For making ripples, though, I let my water product set completely, then go back and add ripples with acrylic gloss gel.
Connecticut Valley Railroad A Branch of the New York, New Haven, and Hartford
"If you think you can do a thing or think you can't do a thing, you're right." -- Henry Ford
CTValleyRR The thing about water is that it moves. It's rare to see a real lake or stream where the area right next to the real water isn't also wet. I actually think the "creep" people are discussing simulates this rather well, and isn't objectionable unless it's severe. SNIP
SNIP
CT,
Exactly my point in suggesting people experiment with what they're working with. In some cases it actually works in your favor. The issue is when you get "creep" when you don't want "creep," so keeping it where you want it does take some experience if you haven't worked with a technique or product before.
The polyester casting resin I use is one of the big offenders, as it's so thin when laid down it likes to wick upward easily. Some other materials are easier to manage in places where creep is an issue.
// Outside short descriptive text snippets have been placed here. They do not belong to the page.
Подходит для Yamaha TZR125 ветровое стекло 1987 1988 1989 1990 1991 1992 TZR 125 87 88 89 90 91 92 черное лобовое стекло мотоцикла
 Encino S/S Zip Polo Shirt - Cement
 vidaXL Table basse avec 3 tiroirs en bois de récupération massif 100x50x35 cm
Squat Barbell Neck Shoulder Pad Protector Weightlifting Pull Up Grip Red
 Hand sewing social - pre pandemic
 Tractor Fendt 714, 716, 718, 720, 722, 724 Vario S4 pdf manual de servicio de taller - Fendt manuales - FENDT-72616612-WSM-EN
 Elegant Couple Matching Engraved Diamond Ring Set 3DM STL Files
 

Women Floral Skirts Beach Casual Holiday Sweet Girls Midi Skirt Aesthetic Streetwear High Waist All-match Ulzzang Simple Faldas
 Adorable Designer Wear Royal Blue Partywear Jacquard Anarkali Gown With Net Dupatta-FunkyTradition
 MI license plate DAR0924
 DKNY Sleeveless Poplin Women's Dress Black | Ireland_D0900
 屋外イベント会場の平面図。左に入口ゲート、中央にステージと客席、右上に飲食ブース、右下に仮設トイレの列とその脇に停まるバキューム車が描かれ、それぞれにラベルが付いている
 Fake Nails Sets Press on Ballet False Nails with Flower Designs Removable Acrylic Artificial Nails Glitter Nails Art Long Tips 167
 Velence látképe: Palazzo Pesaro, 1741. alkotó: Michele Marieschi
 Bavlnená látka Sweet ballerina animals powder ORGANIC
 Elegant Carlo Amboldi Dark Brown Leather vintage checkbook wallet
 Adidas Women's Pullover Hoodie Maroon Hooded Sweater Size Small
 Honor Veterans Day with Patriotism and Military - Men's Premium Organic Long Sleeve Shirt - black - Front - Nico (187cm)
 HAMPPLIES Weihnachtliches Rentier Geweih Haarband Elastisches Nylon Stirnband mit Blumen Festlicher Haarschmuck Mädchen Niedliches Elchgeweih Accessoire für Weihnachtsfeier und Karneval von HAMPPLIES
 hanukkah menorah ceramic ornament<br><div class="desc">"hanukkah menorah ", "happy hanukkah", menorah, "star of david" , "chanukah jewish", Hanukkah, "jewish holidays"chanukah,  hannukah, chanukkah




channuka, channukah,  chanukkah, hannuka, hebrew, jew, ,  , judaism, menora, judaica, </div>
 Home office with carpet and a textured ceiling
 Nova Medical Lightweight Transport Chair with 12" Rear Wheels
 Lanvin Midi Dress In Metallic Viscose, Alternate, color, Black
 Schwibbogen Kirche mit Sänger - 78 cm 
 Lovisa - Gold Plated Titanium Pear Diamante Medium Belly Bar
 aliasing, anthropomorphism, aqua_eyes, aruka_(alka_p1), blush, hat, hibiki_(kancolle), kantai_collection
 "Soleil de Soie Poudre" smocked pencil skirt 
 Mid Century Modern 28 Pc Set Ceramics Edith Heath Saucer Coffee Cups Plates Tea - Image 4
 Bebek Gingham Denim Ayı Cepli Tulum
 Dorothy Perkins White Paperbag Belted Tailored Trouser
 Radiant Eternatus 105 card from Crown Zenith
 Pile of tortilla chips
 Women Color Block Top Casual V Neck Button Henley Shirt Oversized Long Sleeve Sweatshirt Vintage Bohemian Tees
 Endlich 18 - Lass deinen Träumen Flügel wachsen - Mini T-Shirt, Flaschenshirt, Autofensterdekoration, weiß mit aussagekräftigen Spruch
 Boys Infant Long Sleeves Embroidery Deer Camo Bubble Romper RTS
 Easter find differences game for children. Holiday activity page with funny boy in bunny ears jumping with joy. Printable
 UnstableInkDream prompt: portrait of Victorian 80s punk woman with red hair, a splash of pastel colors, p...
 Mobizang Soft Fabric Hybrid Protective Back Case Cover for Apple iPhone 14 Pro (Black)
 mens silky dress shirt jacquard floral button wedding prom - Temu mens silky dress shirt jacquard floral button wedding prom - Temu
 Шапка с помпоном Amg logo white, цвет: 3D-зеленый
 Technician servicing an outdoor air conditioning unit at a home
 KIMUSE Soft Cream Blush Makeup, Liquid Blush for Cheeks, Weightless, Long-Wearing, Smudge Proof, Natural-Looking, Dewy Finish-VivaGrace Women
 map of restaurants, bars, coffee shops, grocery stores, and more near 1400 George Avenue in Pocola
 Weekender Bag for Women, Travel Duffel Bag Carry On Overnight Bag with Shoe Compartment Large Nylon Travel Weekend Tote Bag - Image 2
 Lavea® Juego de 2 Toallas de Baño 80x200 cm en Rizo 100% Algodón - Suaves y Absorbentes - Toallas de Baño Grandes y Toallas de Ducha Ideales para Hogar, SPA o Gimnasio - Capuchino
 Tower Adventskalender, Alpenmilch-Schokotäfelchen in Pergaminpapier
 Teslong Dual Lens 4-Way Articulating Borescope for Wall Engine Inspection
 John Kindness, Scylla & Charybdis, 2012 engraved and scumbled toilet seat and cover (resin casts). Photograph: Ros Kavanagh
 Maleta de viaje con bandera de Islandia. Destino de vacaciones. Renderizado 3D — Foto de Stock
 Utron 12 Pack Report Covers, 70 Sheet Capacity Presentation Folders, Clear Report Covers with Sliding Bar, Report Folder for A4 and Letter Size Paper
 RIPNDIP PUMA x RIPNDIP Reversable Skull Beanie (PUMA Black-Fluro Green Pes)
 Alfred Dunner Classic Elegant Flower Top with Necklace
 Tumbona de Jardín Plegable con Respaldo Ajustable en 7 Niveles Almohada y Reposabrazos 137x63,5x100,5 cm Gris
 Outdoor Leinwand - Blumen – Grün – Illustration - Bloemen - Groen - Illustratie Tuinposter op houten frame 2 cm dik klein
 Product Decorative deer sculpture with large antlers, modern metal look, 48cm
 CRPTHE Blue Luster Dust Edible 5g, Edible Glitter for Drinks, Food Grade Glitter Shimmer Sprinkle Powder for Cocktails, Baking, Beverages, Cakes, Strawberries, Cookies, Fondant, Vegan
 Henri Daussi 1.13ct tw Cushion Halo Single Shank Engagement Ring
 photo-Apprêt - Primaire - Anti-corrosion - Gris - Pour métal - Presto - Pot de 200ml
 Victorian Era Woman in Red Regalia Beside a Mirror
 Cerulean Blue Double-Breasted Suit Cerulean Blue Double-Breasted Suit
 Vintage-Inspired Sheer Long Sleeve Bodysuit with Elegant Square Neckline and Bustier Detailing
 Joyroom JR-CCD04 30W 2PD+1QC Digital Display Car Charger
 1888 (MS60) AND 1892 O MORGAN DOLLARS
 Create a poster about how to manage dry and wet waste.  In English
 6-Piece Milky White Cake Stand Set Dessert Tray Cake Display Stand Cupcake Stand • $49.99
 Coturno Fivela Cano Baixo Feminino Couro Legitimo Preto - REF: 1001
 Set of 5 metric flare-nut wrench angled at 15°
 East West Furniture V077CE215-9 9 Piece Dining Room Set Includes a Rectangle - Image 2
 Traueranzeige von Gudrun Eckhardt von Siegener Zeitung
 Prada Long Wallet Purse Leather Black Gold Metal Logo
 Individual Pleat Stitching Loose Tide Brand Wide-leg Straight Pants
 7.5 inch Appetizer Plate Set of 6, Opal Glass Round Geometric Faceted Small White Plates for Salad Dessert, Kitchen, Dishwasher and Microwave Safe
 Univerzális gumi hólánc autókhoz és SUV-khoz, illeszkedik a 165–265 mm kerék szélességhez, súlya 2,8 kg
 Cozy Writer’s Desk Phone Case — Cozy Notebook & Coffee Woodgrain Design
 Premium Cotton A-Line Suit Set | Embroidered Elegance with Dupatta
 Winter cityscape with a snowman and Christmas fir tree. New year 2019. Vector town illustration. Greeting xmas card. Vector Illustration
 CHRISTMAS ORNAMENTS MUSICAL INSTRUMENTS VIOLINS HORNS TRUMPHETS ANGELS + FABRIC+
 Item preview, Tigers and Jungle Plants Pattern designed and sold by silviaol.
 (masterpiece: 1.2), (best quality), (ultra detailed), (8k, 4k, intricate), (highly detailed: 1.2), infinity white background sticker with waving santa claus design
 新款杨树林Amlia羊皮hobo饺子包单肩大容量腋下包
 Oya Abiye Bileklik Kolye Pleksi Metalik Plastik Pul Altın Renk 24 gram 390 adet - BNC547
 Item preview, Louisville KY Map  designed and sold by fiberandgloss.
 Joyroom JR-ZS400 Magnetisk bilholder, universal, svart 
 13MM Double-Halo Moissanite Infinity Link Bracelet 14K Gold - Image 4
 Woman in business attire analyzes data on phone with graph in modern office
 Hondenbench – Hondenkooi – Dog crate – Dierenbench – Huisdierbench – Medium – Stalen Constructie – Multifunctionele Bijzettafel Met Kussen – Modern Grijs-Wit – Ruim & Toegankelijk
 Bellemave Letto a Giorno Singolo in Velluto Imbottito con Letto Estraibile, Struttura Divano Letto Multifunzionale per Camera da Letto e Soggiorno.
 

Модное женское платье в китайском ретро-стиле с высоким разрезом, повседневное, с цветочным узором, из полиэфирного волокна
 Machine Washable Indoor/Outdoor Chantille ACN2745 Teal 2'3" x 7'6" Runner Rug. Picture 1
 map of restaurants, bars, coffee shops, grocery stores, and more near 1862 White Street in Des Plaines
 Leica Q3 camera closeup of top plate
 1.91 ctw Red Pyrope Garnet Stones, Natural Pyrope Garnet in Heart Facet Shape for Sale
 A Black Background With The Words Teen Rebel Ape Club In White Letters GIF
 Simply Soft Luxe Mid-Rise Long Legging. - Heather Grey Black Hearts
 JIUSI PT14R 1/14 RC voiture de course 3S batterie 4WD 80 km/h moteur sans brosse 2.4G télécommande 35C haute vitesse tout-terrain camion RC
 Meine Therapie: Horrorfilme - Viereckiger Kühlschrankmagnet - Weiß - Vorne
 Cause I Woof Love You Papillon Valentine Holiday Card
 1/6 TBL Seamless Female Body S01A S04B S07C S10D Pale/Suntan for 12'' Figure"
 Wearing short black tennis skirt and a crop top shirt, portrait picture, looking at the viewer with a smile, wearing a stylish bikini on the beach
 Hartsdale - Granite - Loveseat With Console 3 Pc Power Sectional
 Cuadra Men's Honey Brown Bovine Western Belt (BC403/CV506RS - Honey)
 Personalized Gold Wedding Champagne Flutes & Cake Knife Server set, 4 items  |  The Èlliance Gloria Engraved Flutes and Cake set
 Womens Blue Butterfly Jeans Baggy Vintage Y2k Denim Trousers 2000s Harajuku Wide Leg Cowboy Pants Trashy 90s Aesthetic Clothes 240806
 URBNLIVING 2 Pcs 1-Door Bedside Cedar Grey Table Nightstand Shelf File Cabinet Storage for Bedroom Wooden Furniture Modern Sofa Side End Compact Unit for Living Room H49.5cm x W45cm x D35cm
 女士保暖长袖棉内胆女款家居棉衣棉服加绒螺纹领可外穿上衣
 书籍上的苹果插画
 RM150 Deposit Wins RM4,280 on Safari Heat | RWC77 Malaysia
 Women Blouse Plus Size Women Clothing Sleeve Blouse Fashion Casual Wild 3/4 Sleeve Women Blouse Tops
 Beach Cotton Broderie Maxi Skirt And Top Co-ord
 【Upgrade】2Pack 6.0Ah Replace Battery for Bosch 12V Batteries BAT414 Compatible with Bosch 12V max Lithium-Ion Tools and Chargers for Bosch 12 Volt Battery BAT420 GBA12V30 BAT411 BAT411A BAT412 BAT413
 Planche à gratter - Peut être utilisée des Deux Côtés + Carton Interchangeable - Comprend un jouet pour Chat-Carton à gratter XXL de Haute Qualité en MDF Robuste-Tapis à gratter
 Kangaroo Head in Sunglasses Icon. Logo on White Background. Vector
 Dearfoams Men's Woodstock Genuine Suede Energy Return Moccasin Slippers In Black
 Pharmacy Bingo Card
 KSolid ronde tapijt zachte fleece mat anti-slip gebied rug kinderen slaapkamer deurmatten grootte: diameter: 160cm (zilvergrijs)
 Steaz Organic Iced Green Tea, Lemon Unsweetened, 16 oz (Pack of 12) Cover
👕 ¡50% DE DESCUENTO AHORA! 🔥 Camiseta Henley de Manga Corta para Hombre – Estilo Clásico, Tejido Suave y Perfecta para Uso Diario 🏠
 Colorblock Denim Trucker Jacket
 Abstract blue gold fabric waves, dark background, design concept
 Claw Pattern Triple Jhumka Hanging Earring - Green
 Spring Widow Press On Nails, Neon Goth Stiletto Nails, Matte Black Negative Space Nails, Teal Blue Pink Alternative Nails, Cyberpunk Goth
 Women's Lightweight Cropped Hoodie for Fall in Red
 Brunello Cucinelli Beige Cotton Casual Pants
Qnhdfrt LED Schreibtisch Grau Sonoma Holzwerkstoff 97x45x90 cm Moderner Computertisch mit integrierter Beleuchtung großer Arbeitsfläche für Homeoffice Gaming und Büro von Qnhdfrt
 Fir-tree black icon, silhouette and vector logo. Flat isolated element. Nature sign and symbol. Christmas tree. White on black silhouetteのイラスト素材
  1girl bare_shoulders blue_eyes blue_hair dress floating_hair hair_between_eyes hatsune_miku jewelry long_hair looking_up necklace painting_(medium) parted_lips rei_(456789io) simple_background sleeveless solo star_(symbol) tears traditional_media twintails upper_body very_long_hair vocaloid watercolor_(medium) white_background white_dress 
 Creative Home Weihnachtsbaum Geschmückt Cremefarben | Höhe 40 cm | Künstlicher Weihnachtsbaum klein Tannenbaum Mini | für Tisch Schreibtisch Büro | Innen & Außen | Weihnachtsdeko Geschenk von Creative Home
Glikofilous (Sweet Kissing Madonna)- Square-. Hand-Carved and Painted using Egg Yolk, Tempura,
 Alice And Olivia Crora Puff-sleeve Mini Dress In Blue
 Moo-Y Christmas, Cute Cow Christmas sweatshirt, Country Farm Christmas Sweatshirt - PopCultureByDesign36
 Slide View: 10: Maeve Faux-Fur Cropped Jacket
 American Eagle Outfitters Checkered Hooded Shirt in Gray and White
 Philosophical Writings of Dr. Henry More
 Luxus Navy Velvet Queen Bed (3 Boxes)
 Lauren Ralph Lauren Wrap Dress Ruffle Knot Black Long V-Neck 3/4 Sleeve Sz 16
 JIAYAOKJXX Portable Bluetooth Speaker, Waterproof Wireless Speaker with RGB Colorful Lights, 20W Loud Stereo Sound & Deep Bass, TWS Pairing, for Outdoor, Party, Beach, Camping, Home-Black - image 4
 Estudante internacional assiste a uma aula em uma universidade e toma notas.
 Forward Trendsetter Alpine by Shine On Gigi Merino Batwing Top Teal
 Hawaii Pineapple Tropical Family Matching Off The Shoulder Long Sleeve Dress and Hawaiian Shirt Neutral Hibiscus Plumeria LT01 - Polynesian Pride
Patience and multiple thin layers do the trick. Before putting it into your layout, try a test run by building a small diorama. When building that also test build some elements you might want to highlight along your waterway layout scene such as docks, riverside structures, etc. You can always sell the diorama scene online if for a few bucks, get paid for your test runs.
SPtrain-nut You can always sell the diorama scene online if for a few bucks, get paid for your test runs.
It amazes me what some people will buy.